▸ Task directions
Exactly the lines below, starting with the one containing "istock Night sky" and going on through the one containing "HP Color LaserJet", must be reproduced, both ends included, and no pictures with them.

▸ Information provided
*** Block opens ***

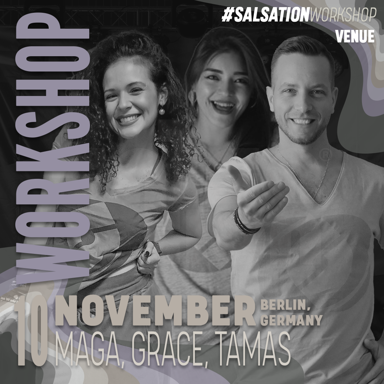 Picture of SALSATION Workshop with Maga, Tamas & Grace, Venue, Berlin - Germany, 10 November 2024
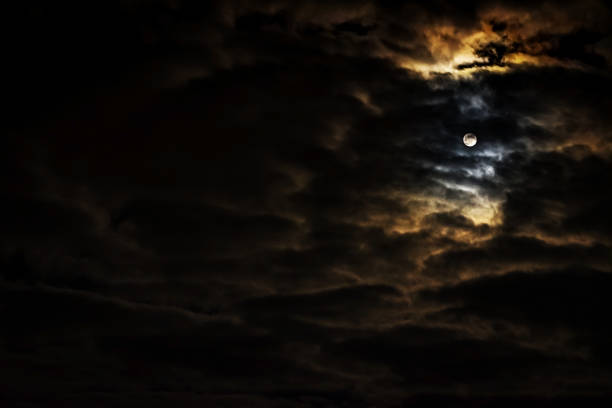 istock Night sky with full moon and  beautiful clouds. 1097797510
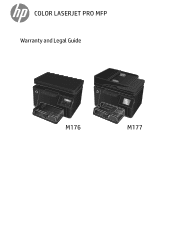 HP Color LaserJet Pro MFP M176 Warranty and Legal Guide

*** Block closes ***
*** Block opens ***

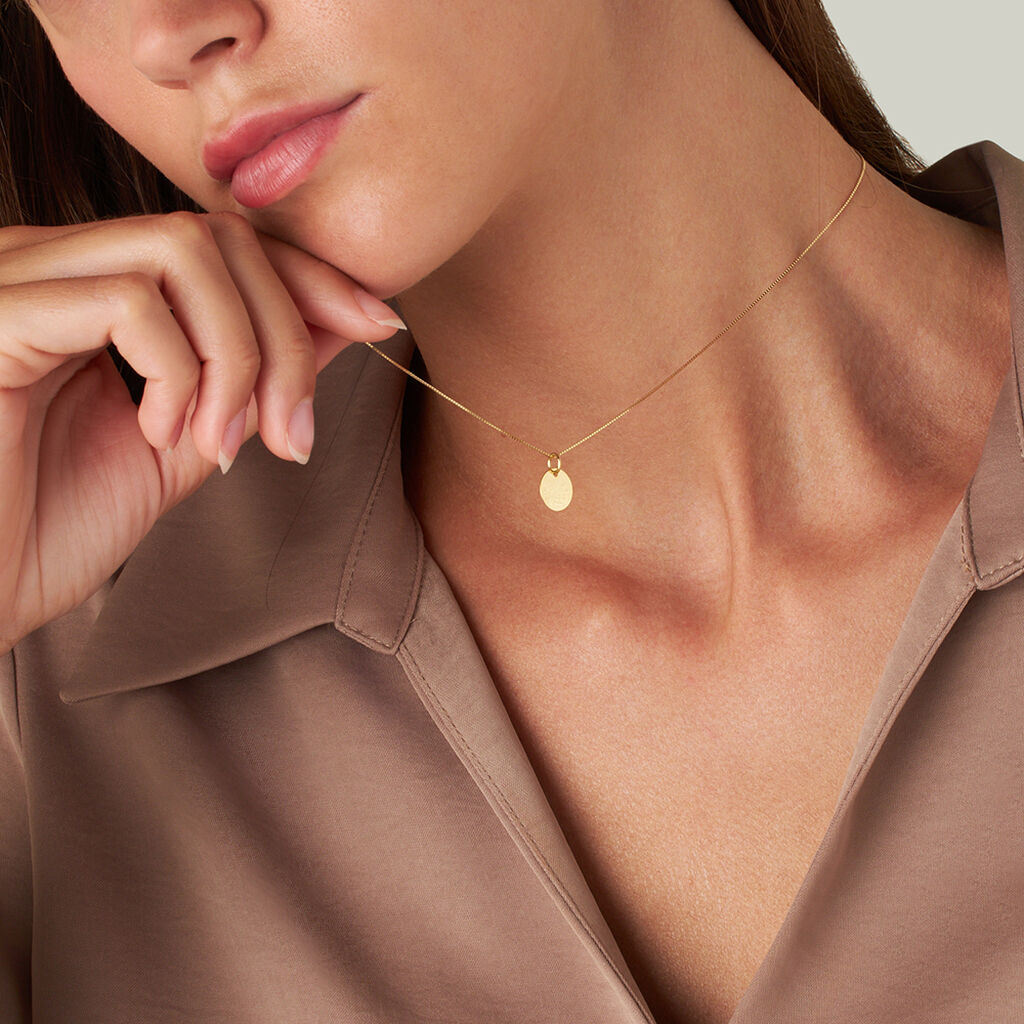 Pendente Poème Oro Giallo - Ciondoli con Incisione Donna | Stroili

*** Block closes ***

▸ Result
 istock Night sky with full moon and  beautiful clouds. 1097797510
 HP Color LaserJet Pro MFP M176 Warranty and Legal Guide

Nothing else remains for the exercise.